» **TASK INPUTS**:
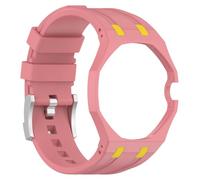 Silicone Watch Strap for Swatch x Royal Pop, Pocket Watch Conversion Kit | Silicone Protective Frame Bumper, Adjustable 5.6-8.5 Inch Wrist Strap, 21g Light-Weight Accessory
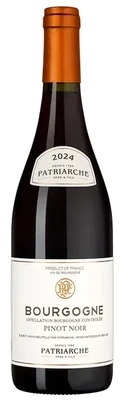 Вино красное сухое Patriarche Bourgogne Pinot Noir, 0.75 л 2024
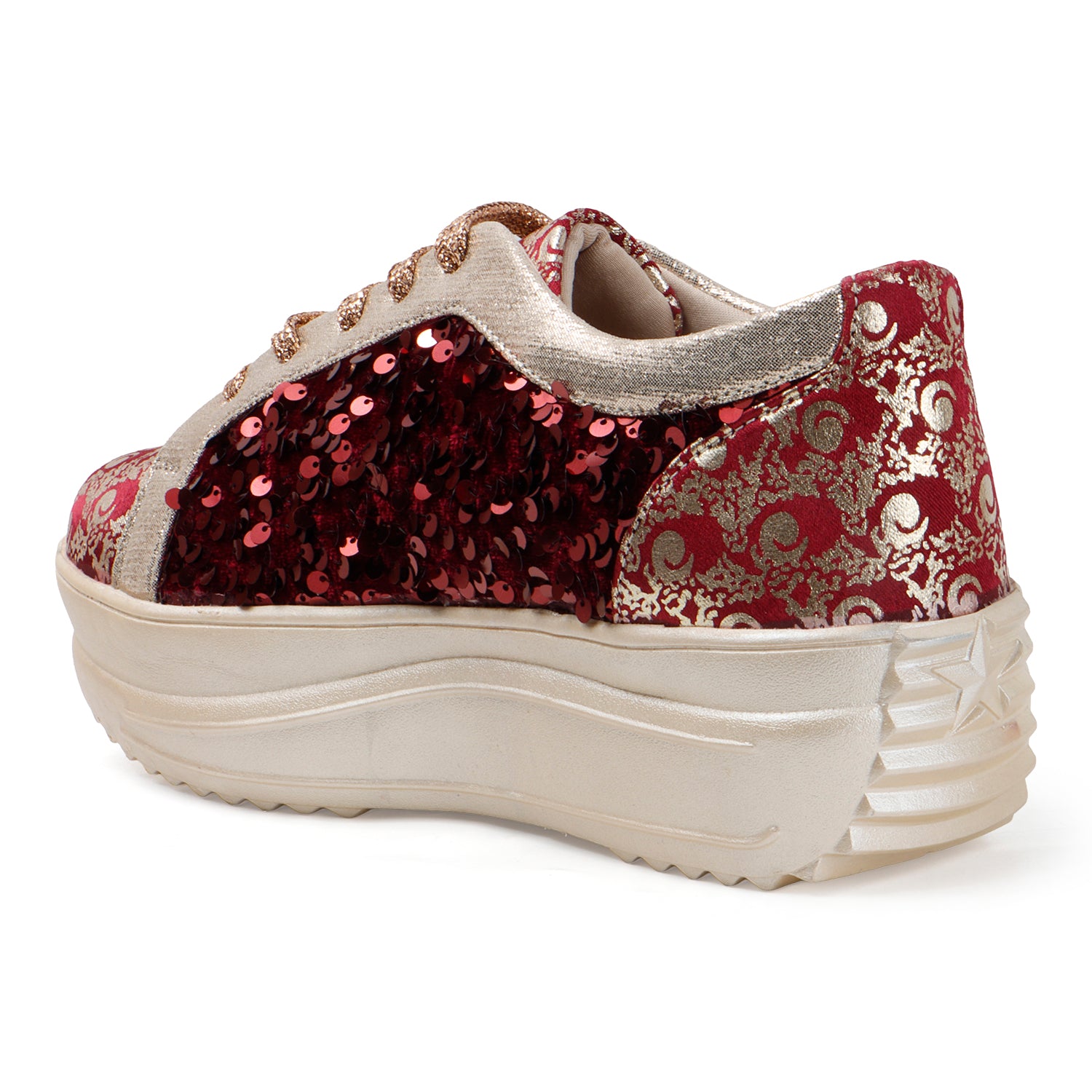 Chunky sneaker shoes for women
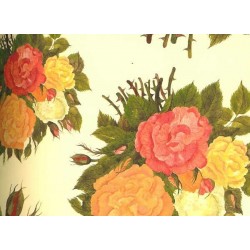 Grafiche Tassotti Decorative Paper - Bunch of Roses - Half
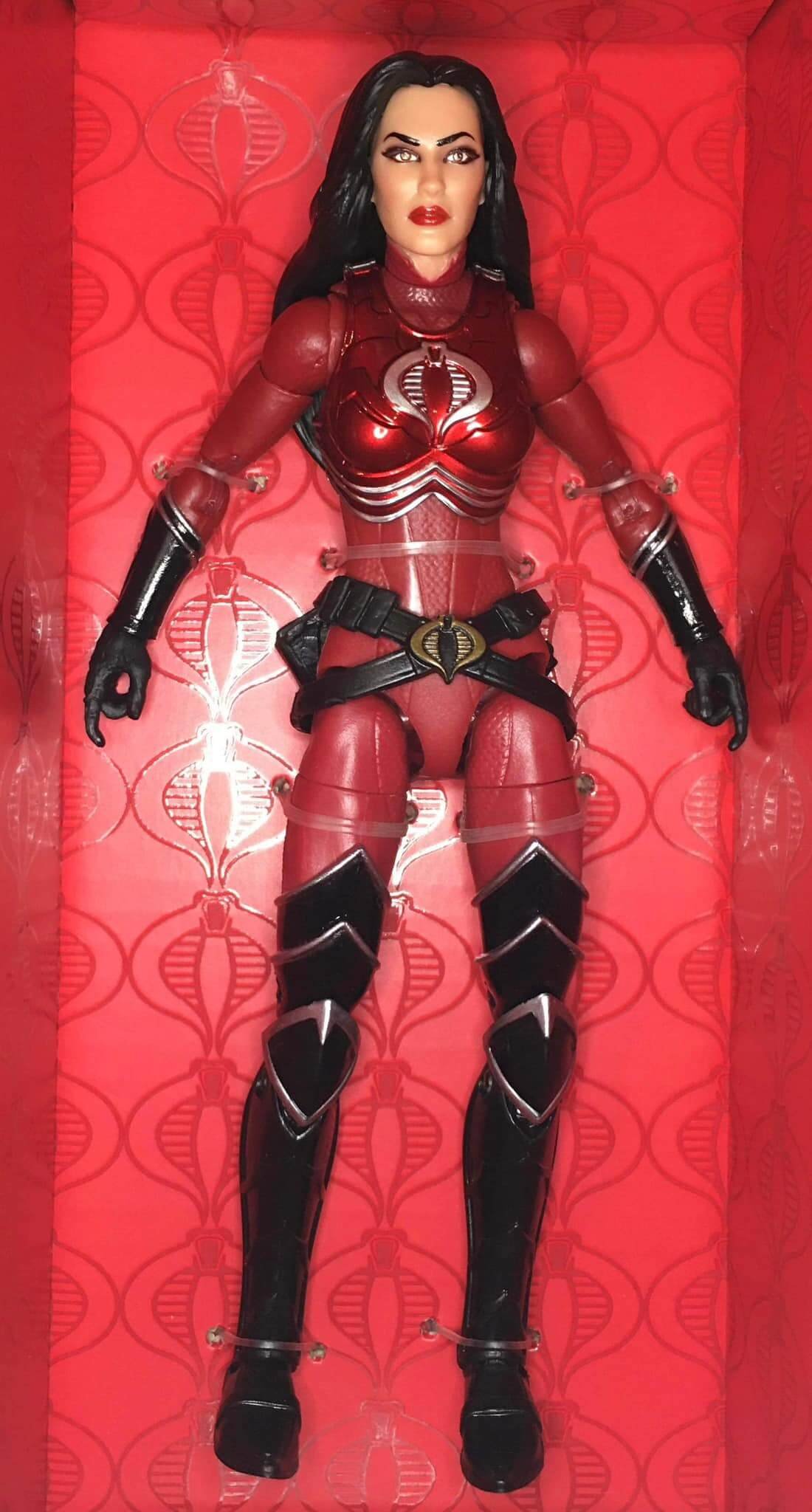 Crimson Strike Team GI Joe Classified Series In Hand Images 12
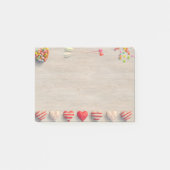 Valentijnsdag behandelt Post It Notes (Voorkant)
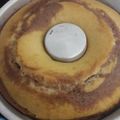 El cooksnap de Vanne Scubin cuando hizo Bizcochuelo marmolado.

» **WORK REQUIRED**:
When copying the data above, repeat every word exactly and drop the pictures.

» **ANSWER BELOW**:
 Silicone Watch Strap for Swatch x Royal Pop, Pocket Watch Conversion Kit | Silicone Protective Frame Bumper, Adjustable 5.6-8.5 Inch Wrist Strap, 21g Light-Weight Accessory
 Вино красное сухое Patriarche Bourgogne Pinot Noir, 0.75 л 2024
 Chunky sneaker shoes for women
 Grafiche Tassotti Decorative Paper - Bunch of Roses - Half
 Crimson Strike Team GI Joe Classified Series In Hand Images 12
 Valentijnsdag behandelt Post It Notes (Voorkant)
 El cooksnap de Vanne Scubin cuando hizo Bizcochuelo marmolado.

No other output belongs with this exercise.